What the task asks ->
Find "απεβίωσε-ο-βρε" and "চোখে ঘুম নিয়ে আসবে কলা" in the records below. Copy the lines holding them and every line between, exactly, and no others.

Excerpted data ->
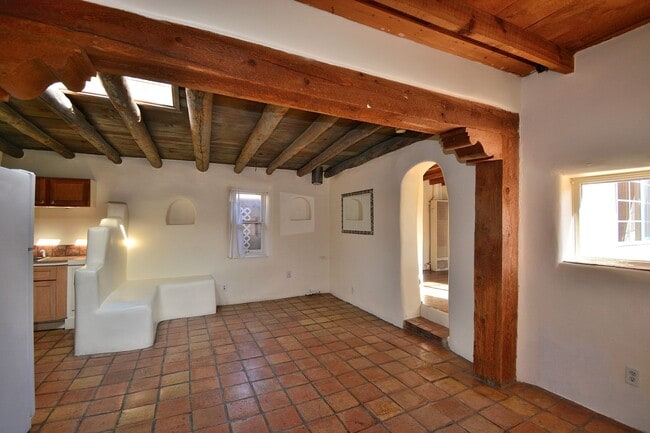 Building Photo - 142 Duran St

* * *

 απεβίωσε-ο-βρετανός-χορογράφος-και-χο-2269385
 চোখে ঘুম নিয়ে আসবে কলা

* * *

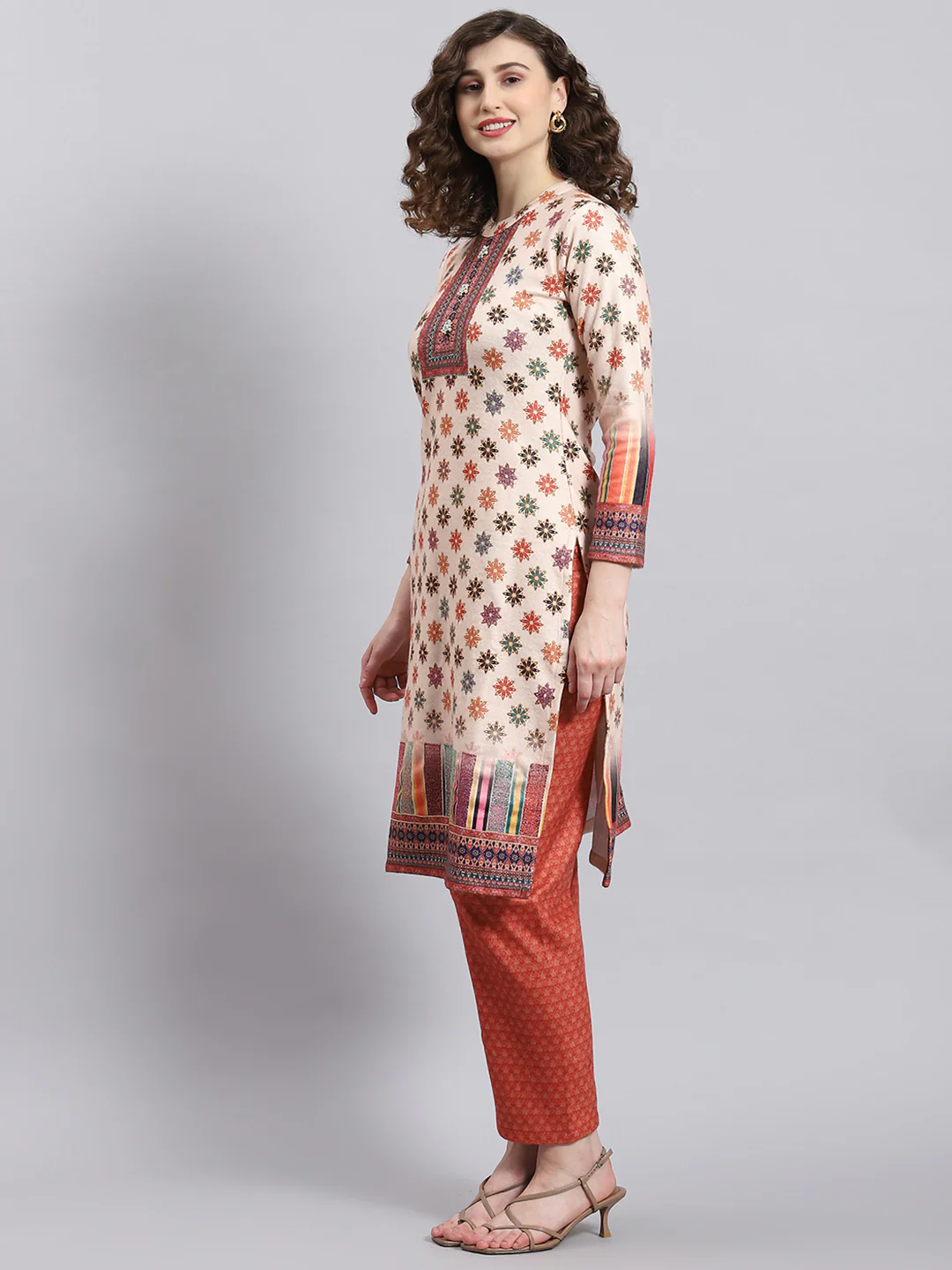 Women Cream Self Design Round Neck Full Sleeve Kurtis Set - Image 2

Written response ->
 απεβίωσε-ο-βρετανός-χορογράφος-και-χο-2269385
 চোখে ঘুম নিয়ে আসবে কলা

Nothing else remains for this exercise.